● **Your goal**: Give back exactly the lines from the start of the entries below to the line holding "Doctor Who Tardis", that line included, and leave every picture out.
*** Data Section Begins ***
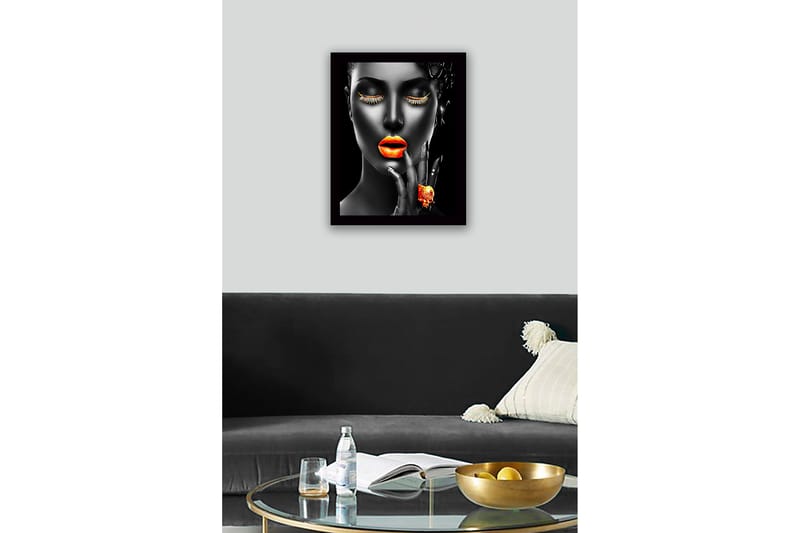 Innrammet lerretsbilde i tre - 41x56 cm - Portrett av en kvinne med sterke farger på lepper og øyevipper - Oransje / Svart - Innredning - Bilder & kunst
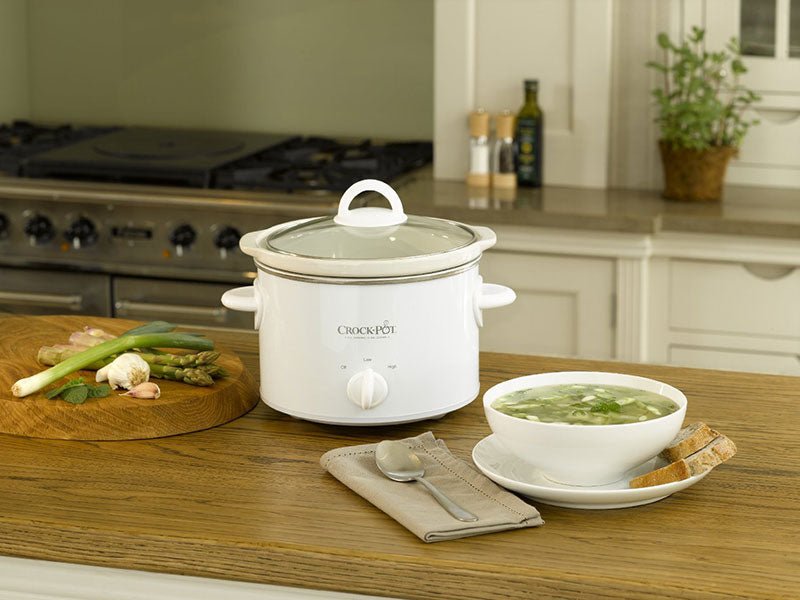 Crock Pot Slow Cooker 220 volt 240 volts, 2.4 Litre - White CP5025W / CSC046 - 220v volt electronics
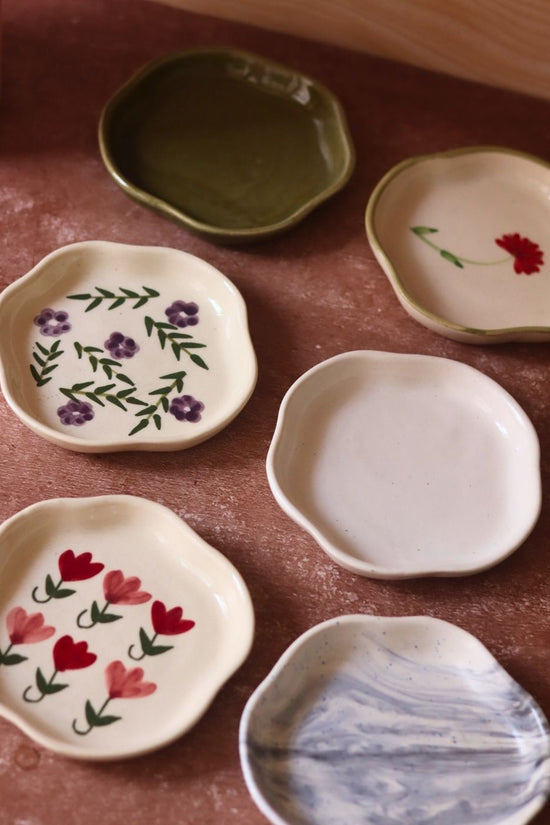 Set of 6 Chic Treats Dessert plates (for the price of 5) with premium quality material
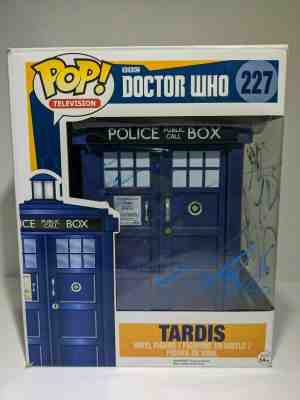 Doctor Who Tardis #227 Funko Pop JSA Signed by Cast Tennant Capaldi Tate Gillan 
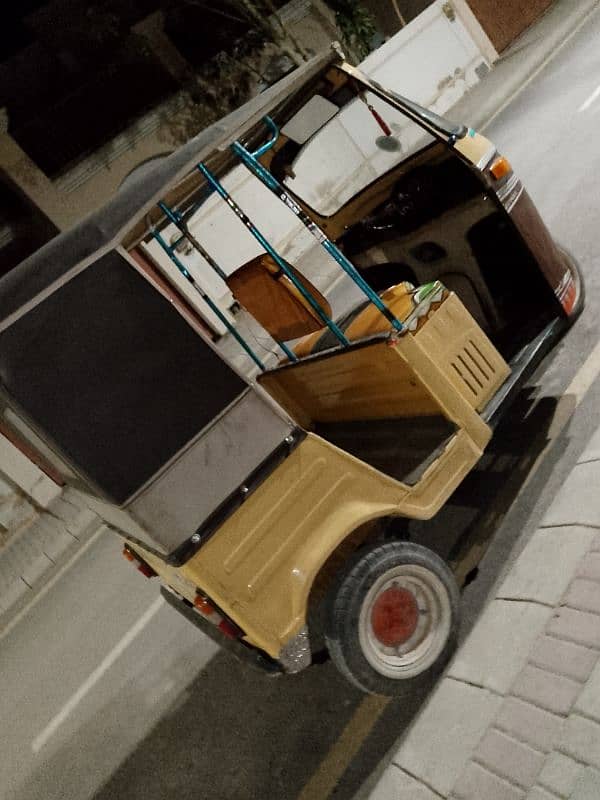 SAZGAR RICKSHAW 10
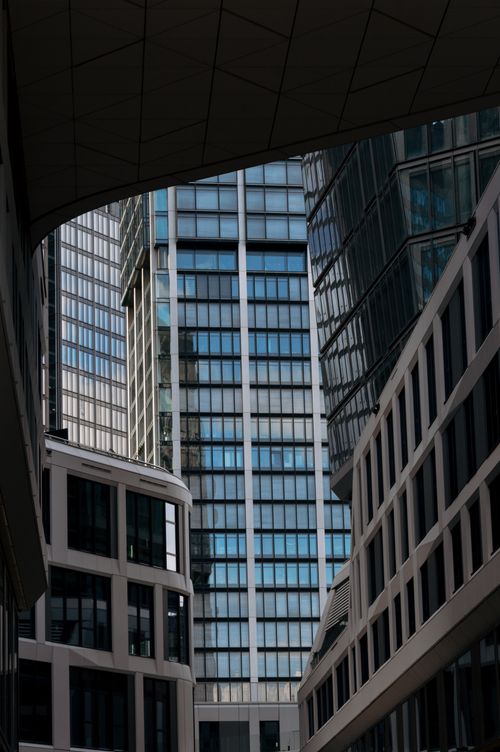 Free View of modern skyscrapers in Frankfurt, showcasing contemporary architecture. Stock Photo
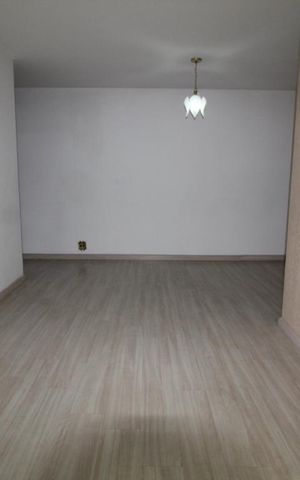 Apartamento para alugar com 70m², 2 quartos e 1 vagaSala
*** Data Section Ends ***
● **Response to this exercise**:
 Innrammet lerretsbilde i tre - 41x56 cm - Portrett av en kvinne med sterke farger på lepper og øyevipper - Oransje / Svart - Innredning - Bilder & kunst
 Crock Pot Slow Cooker 220 volt 240 volts, 2.4 Litre - White CP5025W / CSC046 - 220v volt electronics
 Set of 6 Chic Treats Dessert plates (for the price of 5) with premium quality material
 Doctor Who Tardis #227 Funko Pop JSA Signed by Cast Tennant Capaldi Tate Gillan 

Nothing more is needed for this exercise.